DATASET CONTENT -
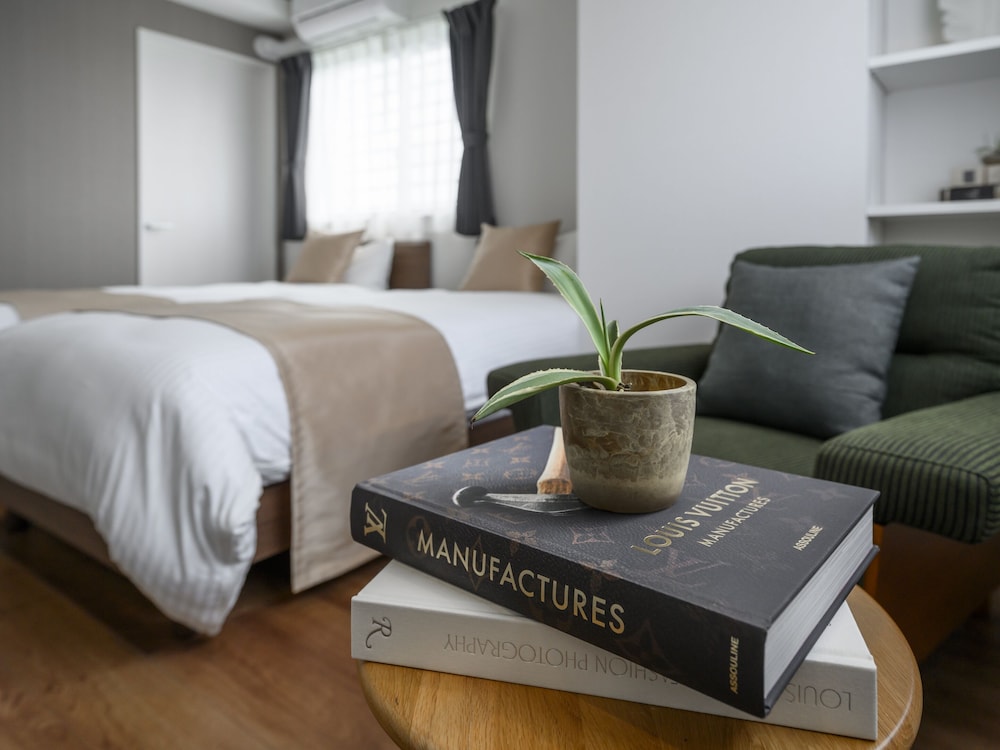 エグゼクティブ アパートメント 3 ベッドルーム キッチン シティビュー 客室1 | &Monde.Okinawa Arena Condominium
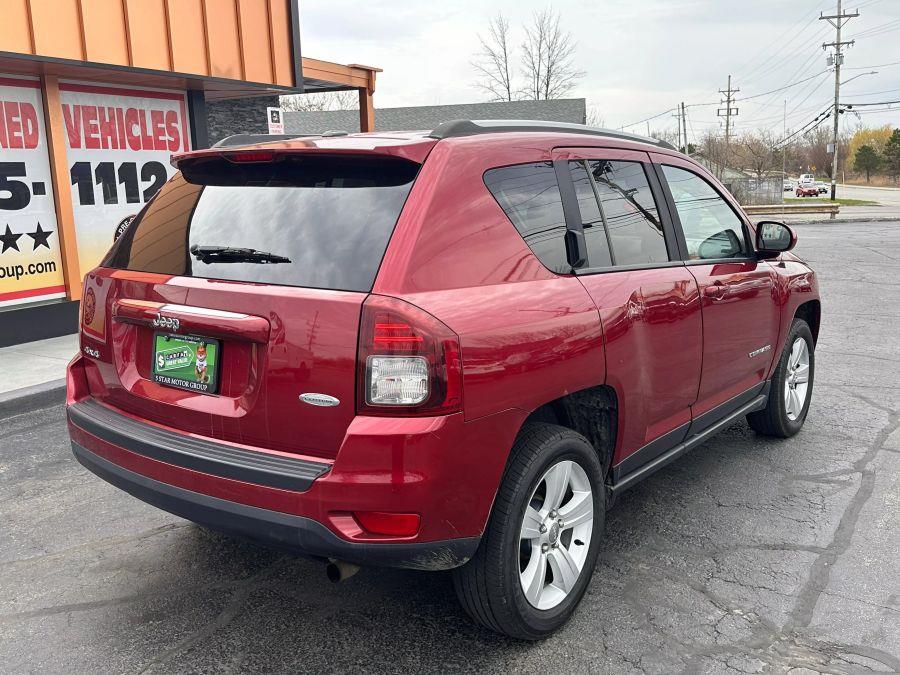 2016 Jeep Compass Latitude Sport Utility 4D photo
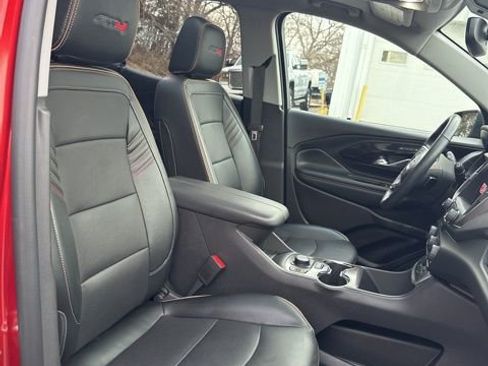 Used 2024 GMC Terrain AT4 w/ Infotainment Package II image 40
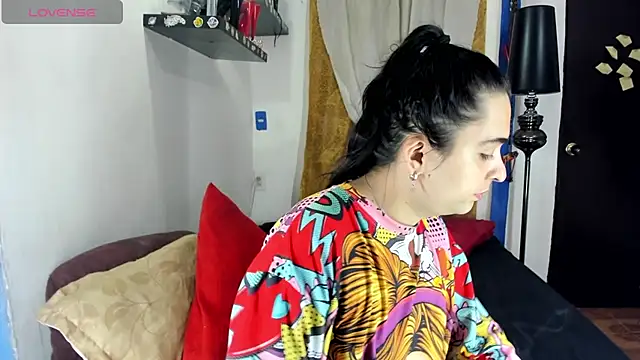 Snapshot of SARAMISHA chatting on 17, 10, 2025 SARAMISHA online show from 17, 10, 2025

WHAT THE TASK ASKS - Every line of the listing should be repeated exactly; no picture should appear.

FINISHED EXERCISE -
 エグゼクティブ アパートメント 3 ベッドルーム キッチン シティビュー 客室1 | &Monde.Okinawa Arena Condominium
 2016 Jeep Compass Latitude Sport Utility 4D photo
 Used 2024 GMC Terrain AT4 w/ Infotainment Package II image 40
 Snapshot of SARAMISHA chatting on 17, 10, 2025 SARAMISHA online show from 17, 10, 2025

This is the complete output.